Eu o paquerei por muito tempo. Entre tantos livros, seu laranja me chamava. Então, um dia, tivemos um encontro definitivo: a poesia de Leminski e eu. Como quem há muito aguardava o encontro: devorei-a. Não como quem devora e sacia-se; mas como quem devora, transborda e precisa dizer aos outros o motivo de seu transbordar...
Raramente é possível falar com beleza sobre o que nos fere. A angústia e a dor imprimem seu pesar em nosso corpo. Em nossa alma. Em nossas palavras. Imprimem em cada um a marca de algum sofrimento que, aos poucos, nos mata. No entanto, se há algo que rouba a poesia que habita em nós, a própria poesia traveste-se de esperança. É possível um mundo outro, nascido de versos. Nascido em nós. Por isso, peço licença aos que passam ao largo da poesia. Peço, com Leminski, licença para, nestas linhas, falar de poesia e esperança:
“Haja hoje p/ tanto hontem” (p. 298). Leminski palavreou esse sentimento em mim tão latente. Haja presente para tanta sombra de tenebroso passado. Haja esperança para suportar tamanha aflição. São tempos difíceis. E as mazelas de nosso passado, de autoritarismo, censura e repressão batem às nossas portas. Haja hoje... Há. Embora nosso ontem avance e queira-nos de volta, queira nossos direitos e conquistas. Queira nossa liberdade... Ainda há hoje. E se hoje ainda há, a esperança persiste. E luta. Porque se
“sombras
o vento leva
sombra
nenhuma dura” (p.237).
Sombra nenhuma resiste ao nosso sonhar.
Ainda assim há medo. Medo do que virá. Medo daquilo que nos para e impede de seguir. Que tira de nós a voz. O canto. A força de dizer nossa própria palavra. De gritar. Rebelar-se.

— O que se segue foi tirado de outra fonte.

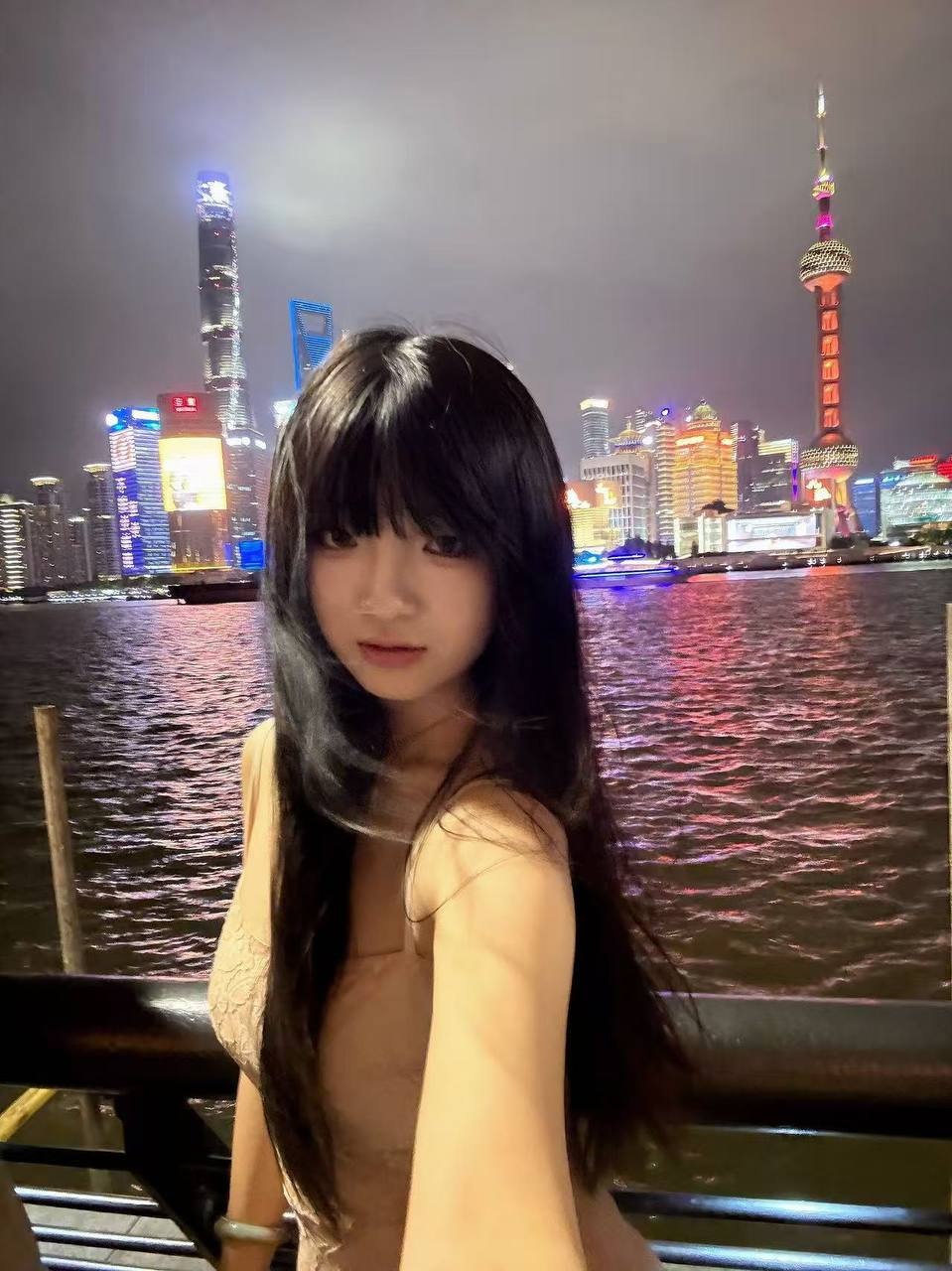 甘肃 兰州 编号：018799 (点击复制)
➡️ 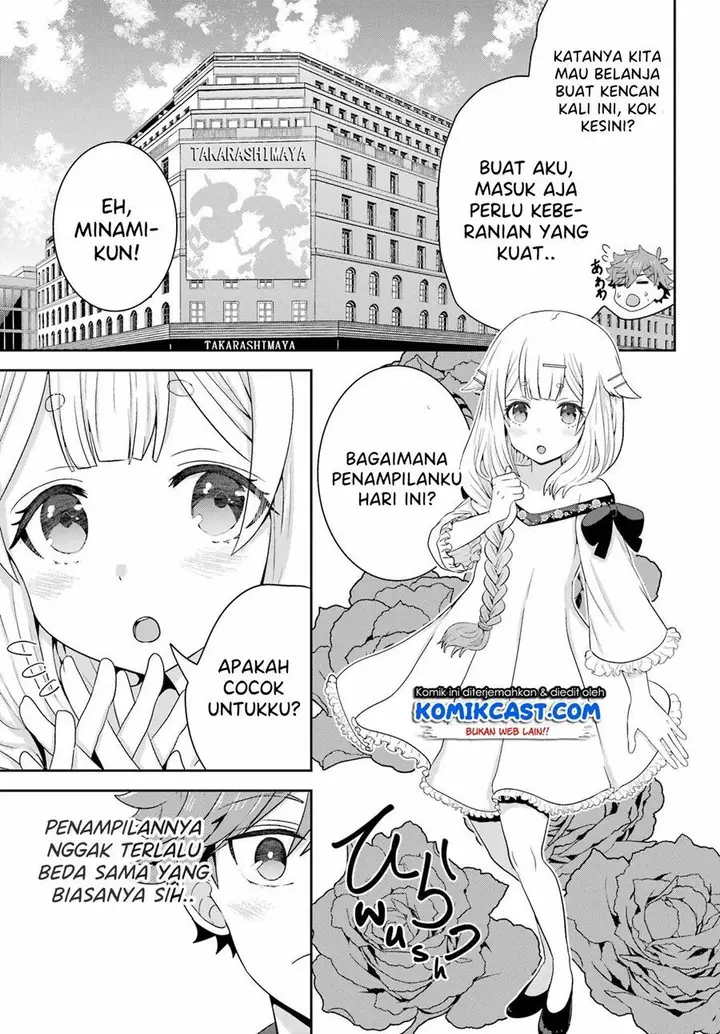 image-komik-gomennasai-ojou-sama-ore-wa-maid-ga-suki-nan-desu-chapter-4.1-2/17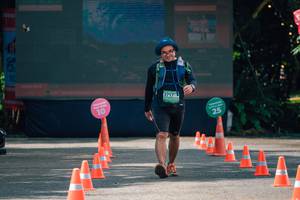 BIB: 
                            <button type="button" onclick="openModal(25080542)" class="btn btn-primary btn-sm float-right btn-popup" data-toggle="modal" data-target=".modal-high-quality">
                        <i class="fas fa-shopping-cart"></i> Add to Cart
                    </button>
                                            <button type="button" onclick="isThisMe(25080542, true)" class="btn btn-success btn-sm float-right btn-popup btn-isme hidden" data-toggle="tooltip" data-placement="bottom" title="นี่คือรูปของคุณใช่ไหม คลิกที่นี่เพื่อเอาเข้าอัลบั้ม">
                        <i class="fas fa-plus"></i> Add to album
                    </button>
                    <button type="button" onclick="isThisMe(25080542, false)" class="btn btn-warning btn-sm float-right btn-popup btn-isnotme hidden">
                        <i class="fas fa-ban"></i> Remove from album
                    </button>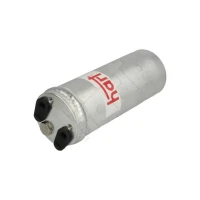 OSUSZACZ KLIMATYZACJI RCD467486HRT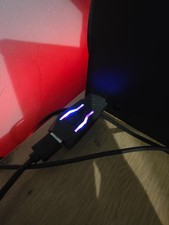 XIM Apex 1005 Keyboard and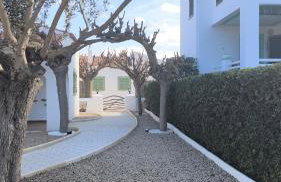 Cales de Menorca 1 - Foto 27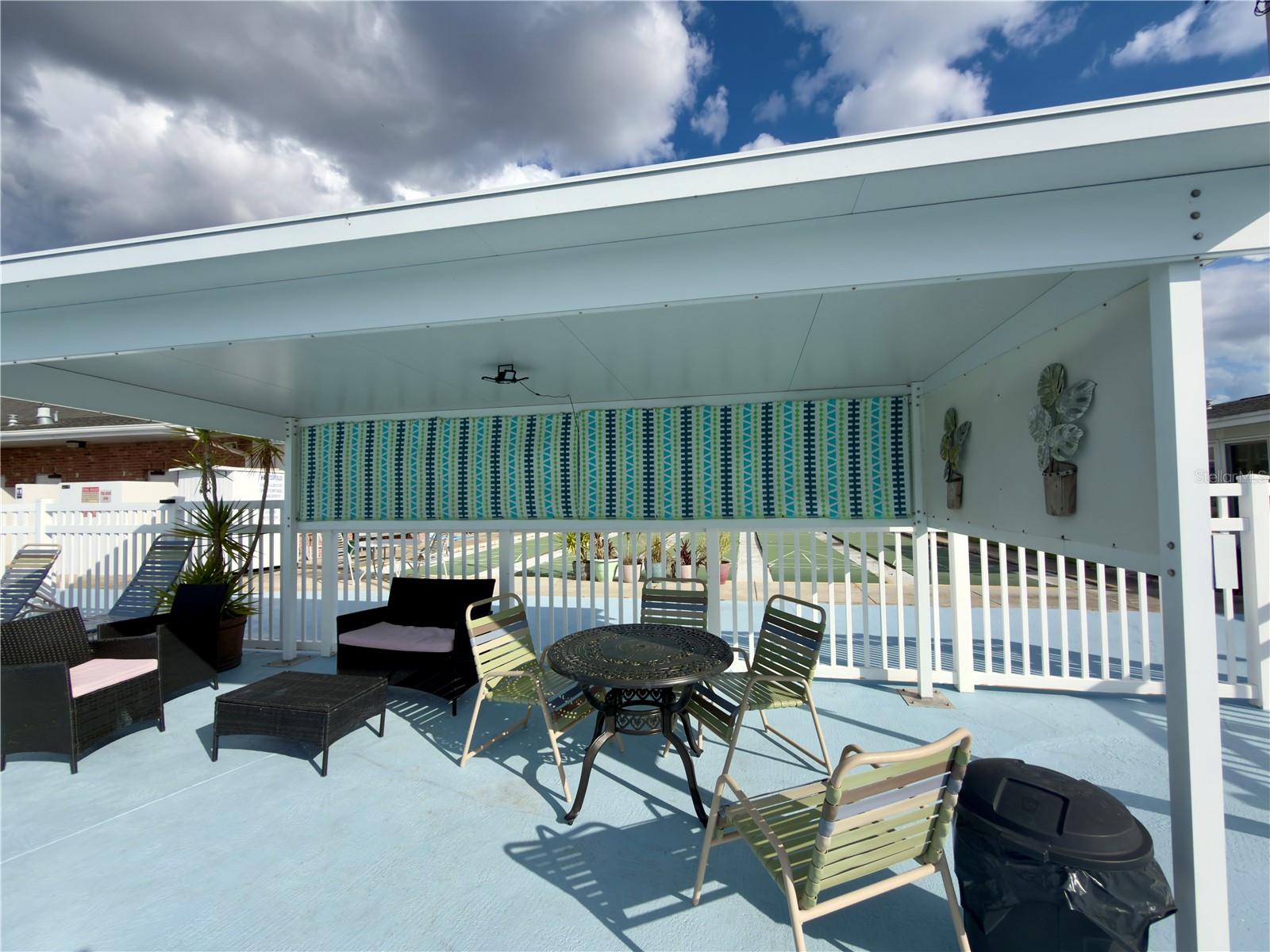 9805 LILY ST N #9805, PINELLAS PARK, FL, 33782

Transgredir o que não mais nos veste a alma. O canto, lembrou-me Leminski, “o canto nunca deixa de cantar” (p. 376). Apesar de todos, dos malditos que interrompem o ressoar de nossa própria melodia, “o canto gera outro cantar” (p. 376). E, juntos, cantamos nossa força. Nossa decisão. Nossa escolha. Somos nossos, somos nossas, da cabeça aos pés. Há esperança. É possível seguir nosso caminho. Gritar. Rebelar-se. Refazer-se.
E, mesmo que com medo de nossa força, coloque-nos em vasos feitos celas, em casas feita deveres, em escravidão feita destino, ainda assim, transgrediremos. Ainda assim levantaremos. Ainda assim nos ergueremos: “até para a flor no vaso/ um dia chega a primavera” (p. 309). E se há primavera, há esperança. Há motivo para levantar e lutar.
Ainda há esperança. Você consegue ver? Ainda há hoje para o ontem que avança e oprime. Ainda há vento que leva sombras. Ainda há primavera, mesmo para flores em vasos. Ainda há algo em que podemos depositar nossa esperança em um mundo outro. Ainda há tempo para levantarmos e resistirmos ao que nos é imposto. Ainda há tempo.
Como diz Alice Ruiz (p. 410): “Tudo a seu tempo. O tempo agora é de poesia”.
E se há poesia, reside em nós a esperança...
Referência:
LEMINSKI, Paulo. Toda Poesia. São Paulo: Companhia das Letras, 2013.